In the absence of any options, the default values are used.

Error Conditions

[xp:parsing-error] is raised if $in cannot be parsed successfully against the given grammar. It is implementation (and language) dependent as to what and how further information is made available about this failure.

[xp:invalid-option] is raised if one or more of the option values within $options is invalid or unrecognised.

Notes

Some notes

Examples

Parsing a simple range expression, with options to flatten single trees and remove unnecessary tokens:

xp:parse('1 to 8',map{'flatten':true(),'version':2.0})
==>
 <RangeExpr>
   <Literal type="xs:integer" value="1"/>
   <Literal type="xs:integer" value="8"/>
 </RangeExpr>

8 Generating expressions

Most use will be made to generate expressions from a (modified) parse tree. The following functions support this:

8.1 xp:to-expression

Summary

The xp:to-expression function returns an expression tree corresponding to a given parse tree.

Signatures

xp:to-expression($in as element()) as xs:string
xp:to-expression($in as element(), $options as map(*)) as xs:string

Rules

Returns a string for the XPath/XQuery expression tree given in $in.

$options is a map of control options as described in 4 Options.

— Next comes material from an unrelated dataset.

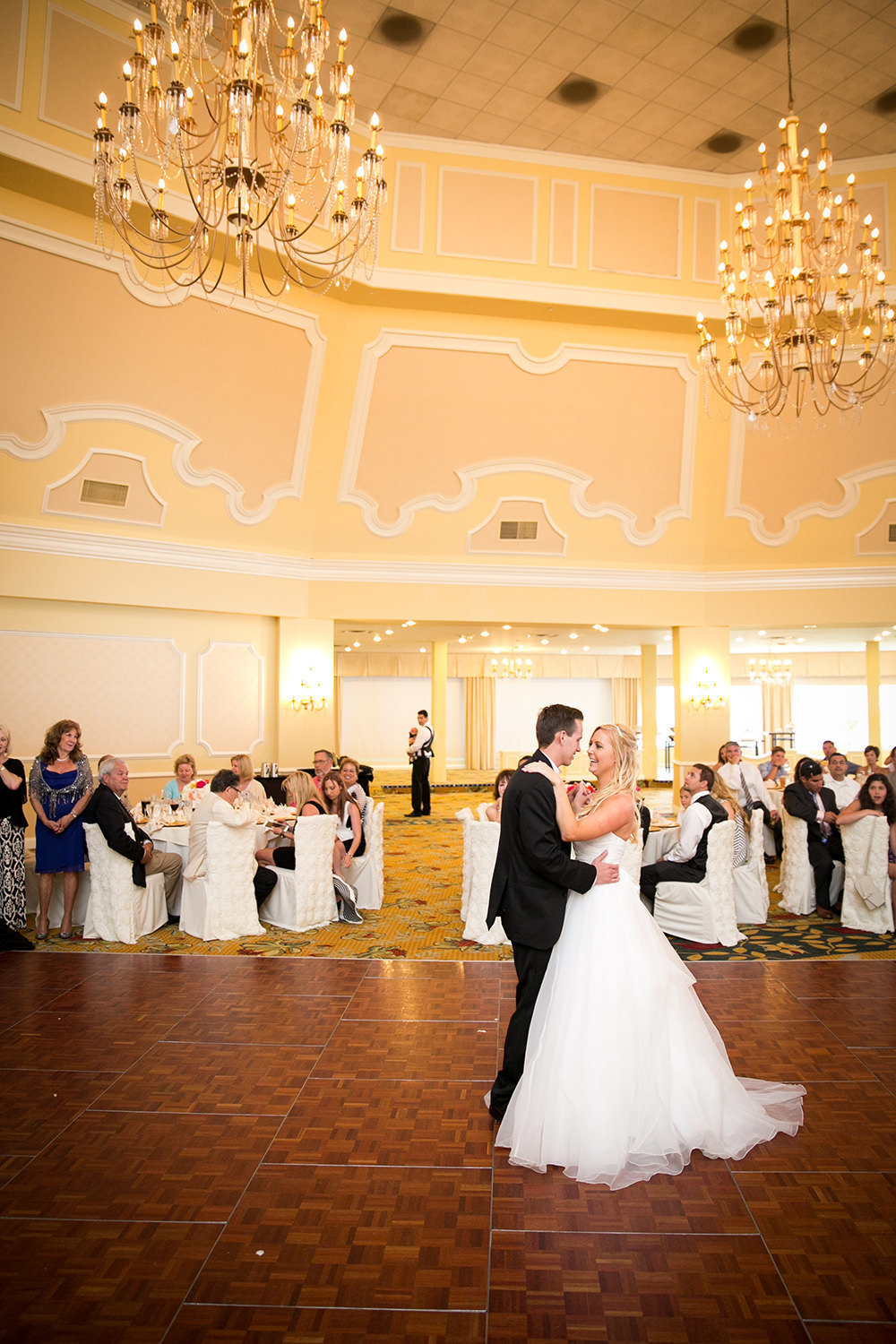 The chandeliers at the Hotel Del Coronado make such a romantic scene for the first dance.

In the absence of any options, the default values are used.

Error Conditions

[xp:invalid-tree] is raised if $in is not a valid expression tree, or suitable reduced subtree, for the grammar requested. It is implementation (and language) dependent as to what and how further information is made available about this failure.

[xp:invalid-option] is raised if one or more of the option values within $options is invalid or unrecognised.

Notes

Some notes

Examples

Testing whether $data variable starts with binary content consistent with a PDF file:

<xsl:variable name="in">
  <RangeExpr>
    <AdditiveExpr op="-">
      <Literal type="xs:integer" value="4"/>            
      <Literal type="xs:integer" value="2"/>
    </AdditiveExpr>
    <Literal type="xs:integer" value="8"/>
  </RangeExpr>
</xsl:variable>
<xsl:value-of select="xp:to-expression($in)"/>
 ==> "4 - 2 to 8"

A References

XPath1.0
XML Path Language (XPath) Version 1.0. James Clark, Steve DeRose, Editors. World Wide Web Consortium, 16 November 1999.
XPath2.0
XML Path Language (XPath) 2.0 (Second Edition). Don Chamberlin, Jonathan Robie, Anders Berglund, Scott Boag, et. al., Editors. World Wide Web Consortium, 14 December 2010.
XPath3.0
XML Path Language (XPath) 3.0. Jonathan Robie, Don Chamberlin, Michael Dyck, John Snelson, Editors. World Wide Web Consortium, 08 April 2014.
XQuery1.0
XQuery 1.0: An XML Query Language (Second Edition). Don Chamberlin, Jonathan Robie, Anders Berglund, Scott Boag, et. al., Editors. World Wide Web Consortium, 14 December 2010.
XQuery3.0
XQuery 3.0: An XML Query Language. Jonathan Robie, Don Chamberlin, Michael Dyck, John Snelson, Editors. World Wide Web Consortium, 08 April 2014.
IEEE 754-1985
IEEE Standard for Binary Floating-Point Arithmetic. See http://standards.ieee.org/reading/ieee/std_public/description/busarch/754-1985_desc.html
QT3
XML Query Test Suite. W3C 21 June 2013.
Test-suite
The test suite for this module, using QT3 format, is in the EXPath repository http://github.com/expath/expath-cg in the directory tests/qt3/xparse/
XML Schema 1.1 Part 2
W3C XML Schema Definition Language (XSD) 1.1 Part 2: Datatypes. David Peterson et al, editors. W3C Recommendation 5 April 2012.

B Summary of error conditions

xp:invalid-option
A value for one of the supplied options is invalid.
xp:invalid-tree
The input expression tree is invalid according to the supplied options.
xp:parsing-error
There was an error in parsing the expression from a string.